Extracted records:
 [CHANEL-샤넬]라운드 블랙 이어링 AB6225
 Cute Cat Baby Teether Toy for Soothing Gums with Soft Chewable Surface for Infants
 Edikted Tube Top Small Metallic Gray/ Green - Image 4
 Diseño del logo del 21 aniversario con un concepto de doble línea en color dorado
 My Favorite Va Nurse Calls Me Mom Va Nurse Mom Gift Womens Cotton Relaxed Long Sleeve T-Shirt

> **Exercise instructions**: Please copy out the data above exactly.

> **Reply to the task**:
 [CHANEL-샤넬]라운드 블랙 이어링 AB6225
 Cute Cat Baby Teether Toy for Soothing Gums with Soft Chewable Surface for Infants
 Edikted Tube Top Small Metallic Gray/ Green - Image 4
 Diseño del logo del 21 aniversario con un concepto de doble línea en color dorado
 My Favorite Va Nurse Calls Me Mom Va Nurse Mom Gift Womens Cotton Relaxed Long Sleeve T-Shirt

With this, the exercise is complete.